Once the water leaves the reverse osmosis process, it is stored in a lagoon and mixed with water from lakes Kickapoo and Arrowhead where it is then coagulated and flocculated.
“The final step in the process is the Conventional Plant where coagulation, flocculation, sedimentation and filtration occur,” Nix said. “All waters, especially surface waters, contain both dissolved and suspended particles. The coagulation and flocculation processes are used to separate the suspended solids from the water.”
The coagulation destabilizes the suspended particles by putting coagulants with charges opposite to them. Once the charge is neutralized, the small suspended particles are capable of sticking together creating microflocs. Finally, a high-energy rapid mixer disperses the coagulants and promotes the particle collisions to finish the process.

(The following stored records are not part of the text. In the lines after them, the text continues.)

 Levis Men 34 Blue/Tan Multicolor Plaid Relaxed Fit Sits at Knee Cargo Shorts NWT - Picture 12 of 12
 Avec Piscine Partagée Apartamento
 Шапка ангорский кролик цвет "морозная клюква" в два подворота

Flocculation, the next step, is a gentle mixing stage that increases the particle size from submicroscopic microflocs to visible suspended particles. In flocculation the microflocs are brought into contact with each other through the process of slow mixing where collisions of the particles cause them to bond and produce larger visible flocs called pinflocs. The floc size continues to grow through additional collisions with inorganic polymers to form an even larger floc called a macrofloc.
According to Nix, the sedimentation and filtration steps are much simpler.

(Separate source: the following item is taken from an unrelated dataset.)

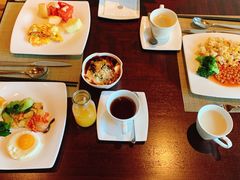 -三亚湾海居铂尔曼度假酒店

“We use sedimentation basins to settle out the floc before going to the filters,” Nix said, “followed by the last filtration step to get rid of as many of the flocs as we can.”

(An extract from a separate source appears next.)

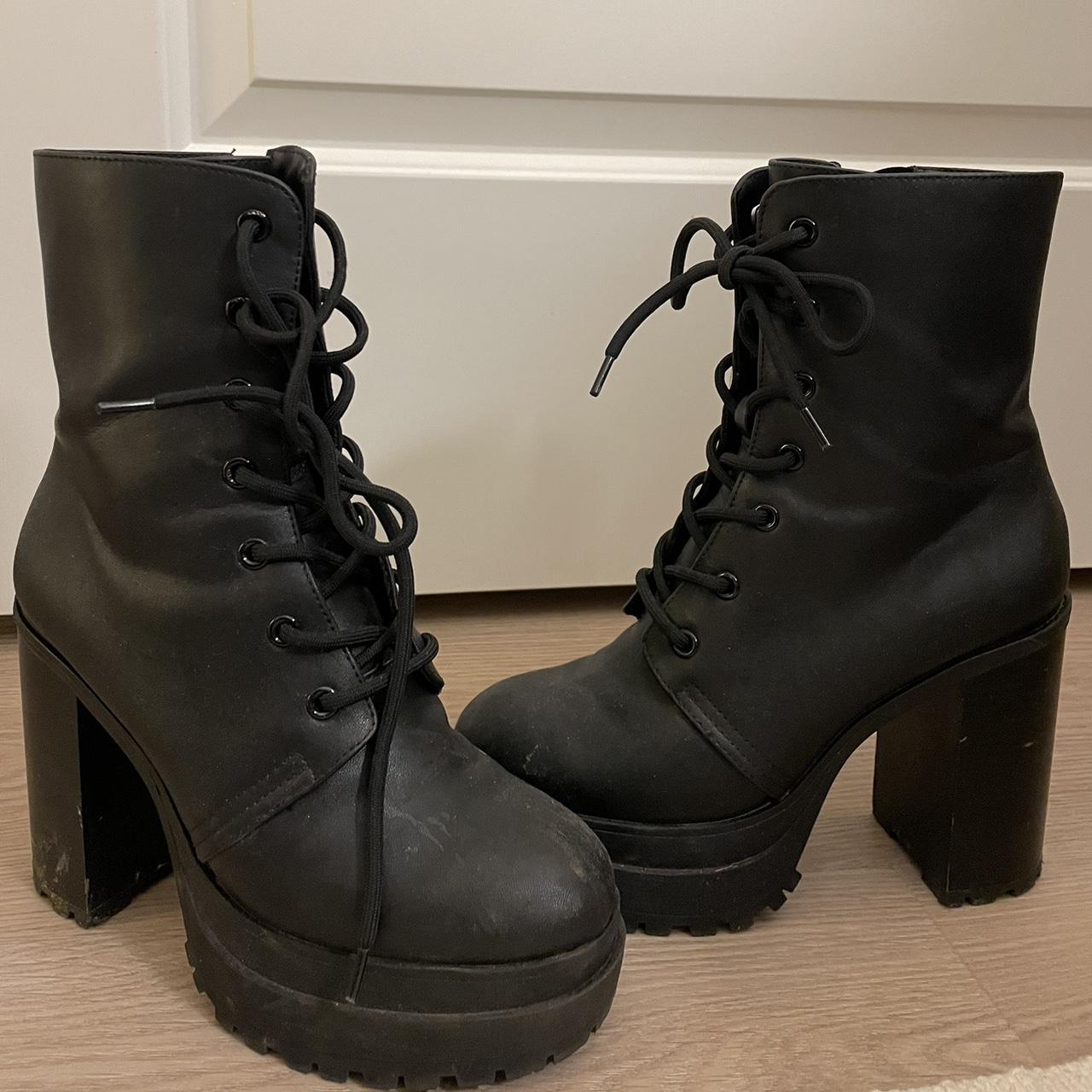 Forever 21 Women's Black Boots | Depop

After the final stage of the treatment process, the water is distributed to the city and recycled through the treatment process again.
Although MSU operates on many of its own systems, it still gets water from the city. If the lakes get too low and the city enters a stage four drought, MSU will be using the same water the city is using.
“All drinking water is derived from wastewater,” Randall Hallford, associate professor of physical chemistry and board member for the re-mix water treatment program, said. “Every drink of municipal water is processed from the refuse water of the city above it.”
Hallford said the water proposed for use is already processed as well as any water retrieved from a reservoir. So the water brought into the city from the lakes is laden with bacteria, nitrates, salts, minerals and solid matter. What’s unique about the reuse water is that it actually will be easier to treat and there will be an adequate quantity to work with.
The treatment process is also less expensive. Because the reuse water is highly clarified, it only contains dissolved chemicals and bacteria rather than various types of viruses, protozoans or parasites. So, the chemical treatment takes care of the bacteria and the reverse osmosis will treat the more threatening dissolved chemicals.
As said by Hallford, there are two major benefits. First, is having an adequate water supply which helps prevent bacterial blooms in reservoir water that can be hard or impossible to manage without drastic and expensive measures. Second, the water is continuously analyzed for any hazardous substances or otherwise distasteful contaminates.
“It will be safe, cheaper to treat and readily available,” Hallford said. “All these reduce our cost and distress in a drought.”